University of Pennsylvania Press

ἵνα φιλοσοφία μὲν καὶ μαγεία ψυχὴν τρέφη1

The word “magic” covers a great deal of ground, encompassing or closely connecting with a number of theories, beliefs, practices, and technologies that include witchcraft, astrology, divination, demonology, alchemy, ritual, theurgy, Cabala, theosophy, spiritualism, numerology, and other related topics.
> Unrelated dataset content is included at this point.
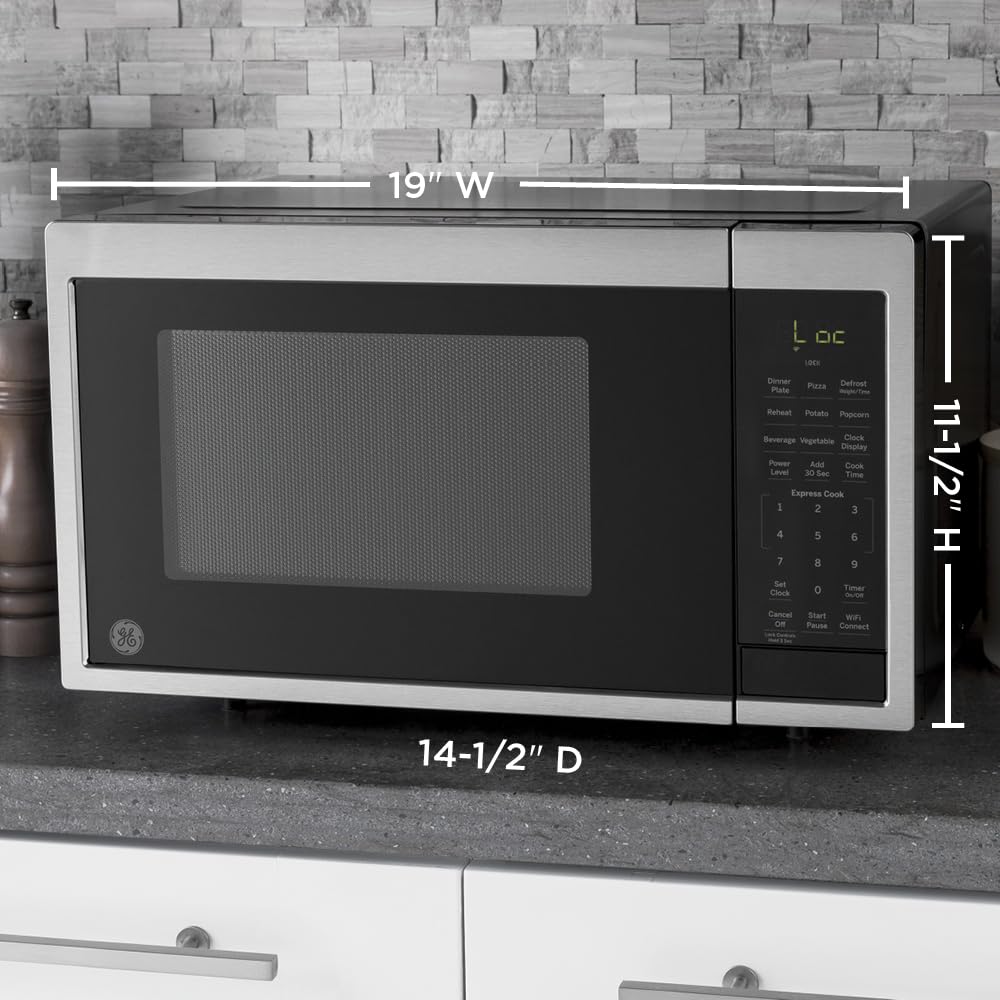 GE Smart Countertop Microwave Oven | Complete with Scan-to-Cook Technology and Wifi-Connectivity | 0.9 Cubic Feet Capacity, 900 Watts | Home & Kitchen Essentials | Stainless Steel GE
For more than two millennia, many of these have also been objects of study for scholars working in the Western academic tradition. Pliny the Elder (23–79 CE) opened the thirtieth book of his massive encyclopedia with a history of magic. Proclus (410–85), the last of the great Neoplatonists, joined his predecessors in seeking philosophical foundations for magic, astrology, and theurgy. Isidore of Seville (600–36), Pliny’s Christian successor, included a section “On Magicians” in his encyclopedia, which was constantly imitated in the later medieval centuries. In our own day, Lynn Thorndike described this early material in a Columbia dissertation that paved the way for his monumental History of Magic and Experimental Science (1923–58), which recapitulates the first thirteen centuries of a story that ends in the seventeenth century. The sheer density of information in Thorndike’s later volumes reflects profuse publication on his subject once printing was invented in the fifteenth century, and the flood has never slowed.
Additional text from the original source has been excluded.